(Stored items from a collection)
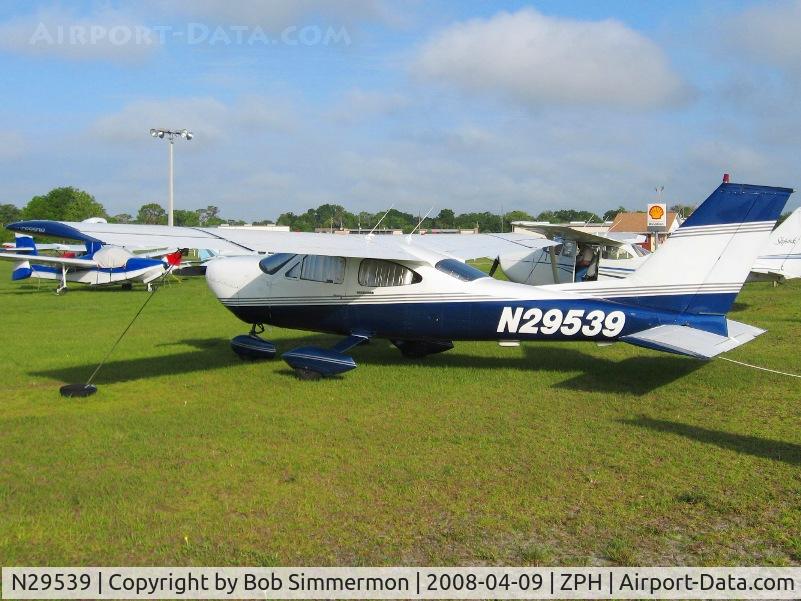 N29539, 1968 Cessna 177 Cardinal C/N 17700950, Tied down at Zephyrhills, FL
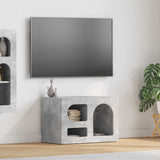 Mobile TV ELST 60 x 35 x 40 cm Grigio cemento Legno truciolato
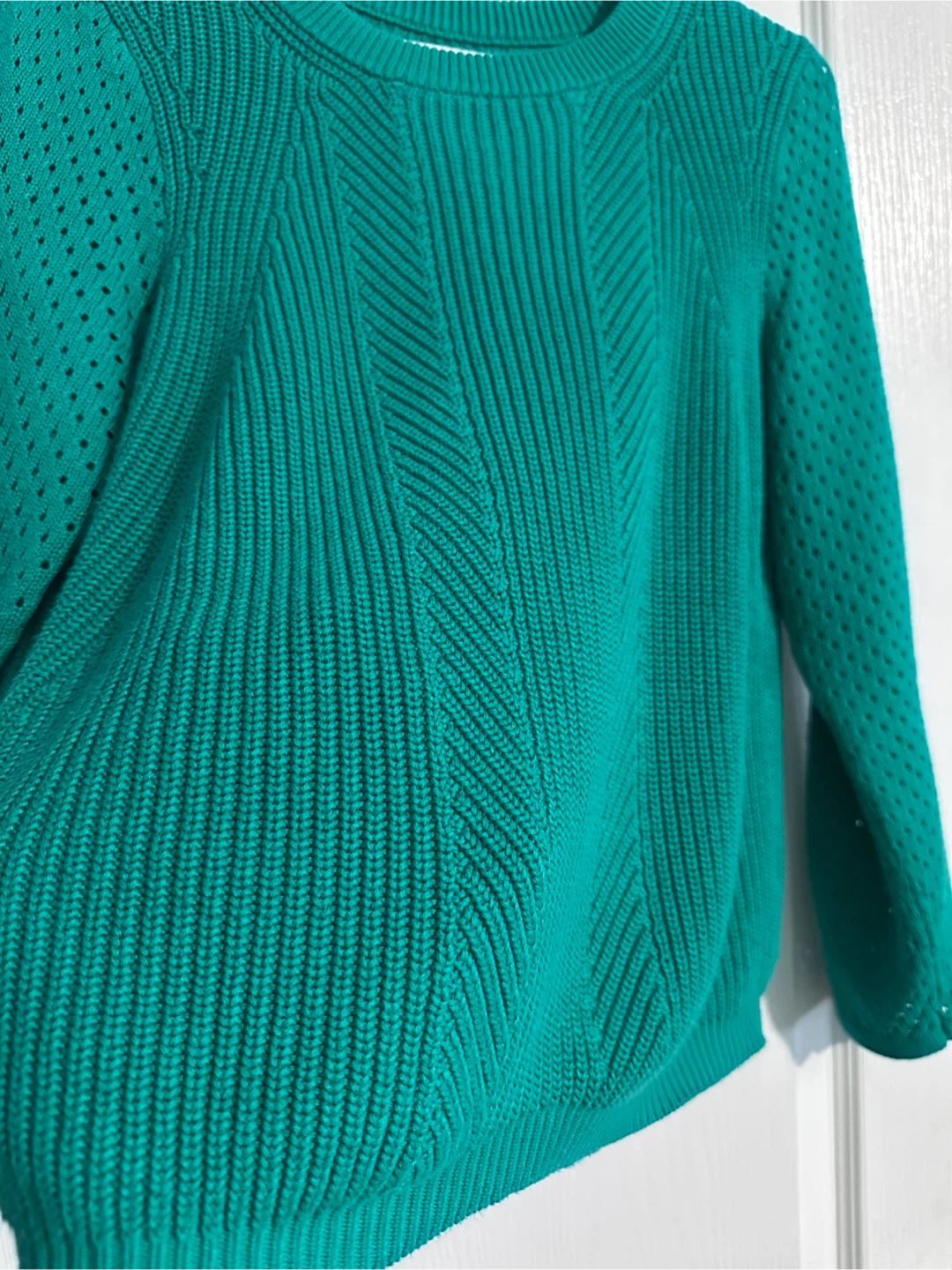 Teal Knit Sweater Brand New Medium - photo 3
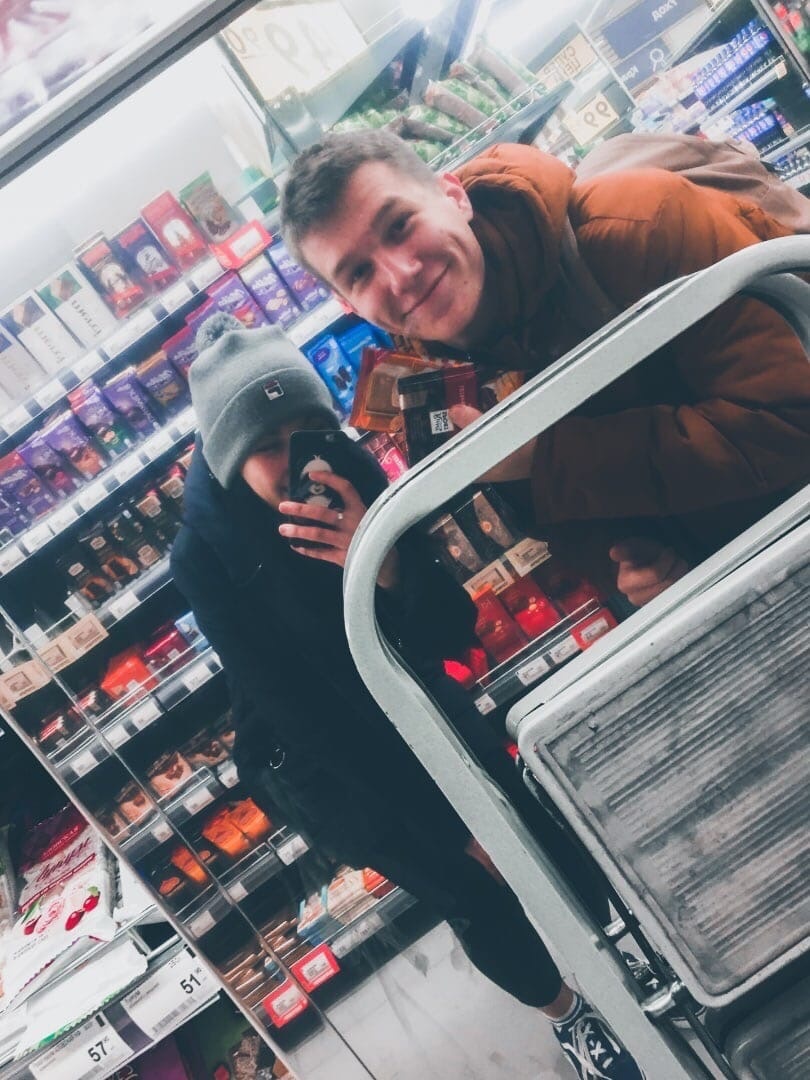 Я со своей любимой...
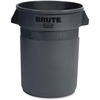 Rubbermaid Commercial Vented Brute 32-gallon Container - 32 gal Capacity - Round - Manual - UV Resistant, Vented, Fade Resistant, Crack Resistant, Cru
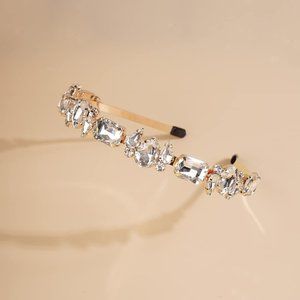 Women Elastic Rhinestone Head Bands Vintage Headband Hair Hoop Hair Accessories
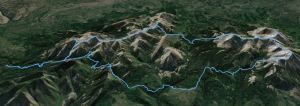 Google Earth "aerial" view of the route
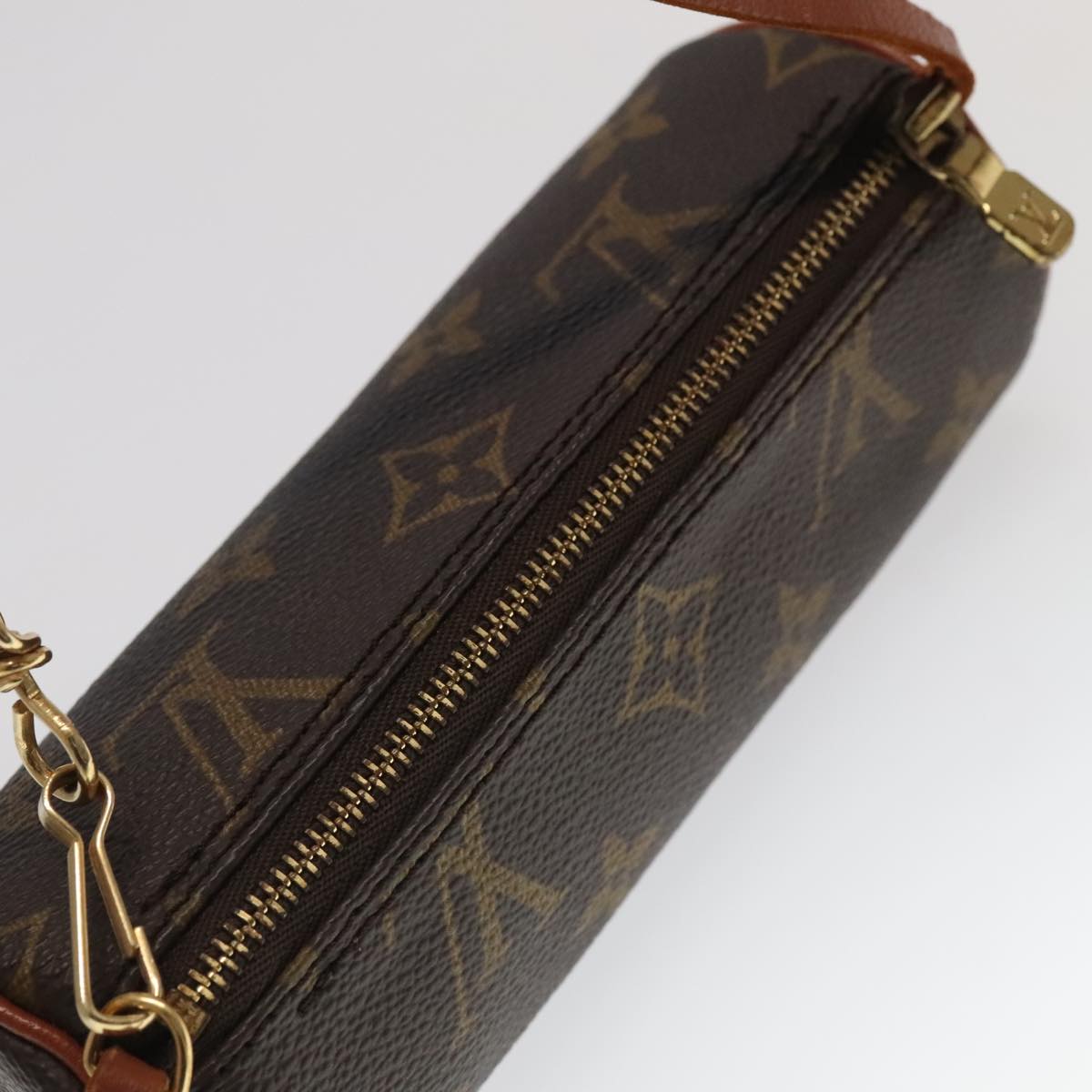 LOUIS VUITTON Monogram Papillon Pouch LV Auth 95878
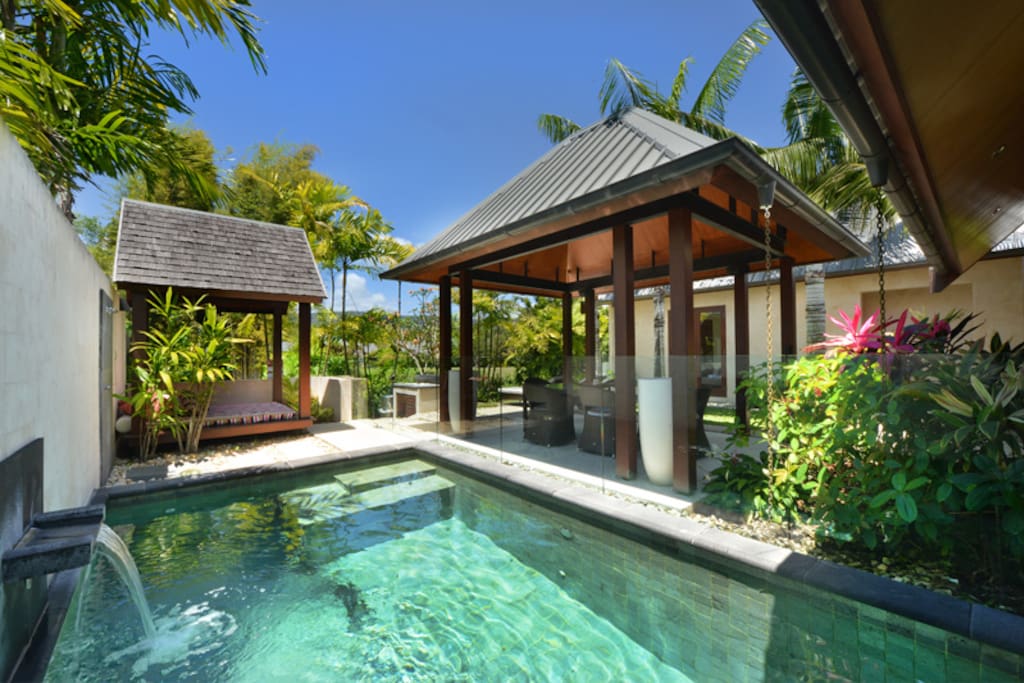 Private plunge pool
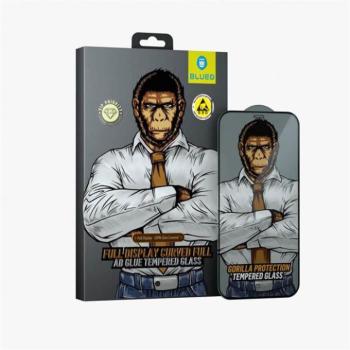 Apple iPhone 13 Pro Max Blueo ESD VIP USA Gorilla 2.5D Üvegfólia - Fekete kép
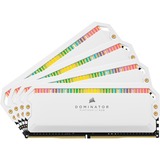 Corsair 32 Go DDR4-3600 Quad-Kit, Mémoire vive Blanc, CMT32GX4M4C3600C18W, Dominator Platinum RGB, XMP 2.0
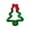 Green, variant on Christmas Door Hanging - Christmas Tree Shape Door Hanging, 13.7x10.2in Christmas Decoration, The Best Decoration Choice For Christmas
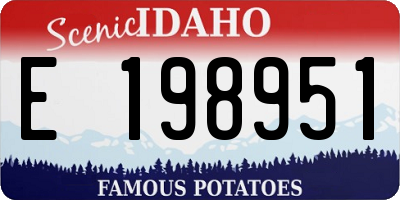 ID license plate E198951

Work request: Can the lines from the start of the records through the line with "Women Elastic Rhinestone" be given again exactly, with the pictures left out?

Problem solution:
 N29539, 1968 Cessna 177 Cardinal C/N 17700950, Tied down at Zephyrhills, FL
 Mobile TV ELST 60 x 35 x 40 cm Grigio cemento Legno truciolato
 Teal Knit Sweater Brand New Medium - photo 3
 Я со своей любимой...
 Rubbermaid Commercial Vented Brute 32-gallon Container - 32 gal Capacity - Round - Manual - UV Resistant, Vented, Fade Resistant, Crack Resistant, Cru
 Women Elastic Rhinestone Head Bands Vintage Headband Hair Hoop Hair Accessories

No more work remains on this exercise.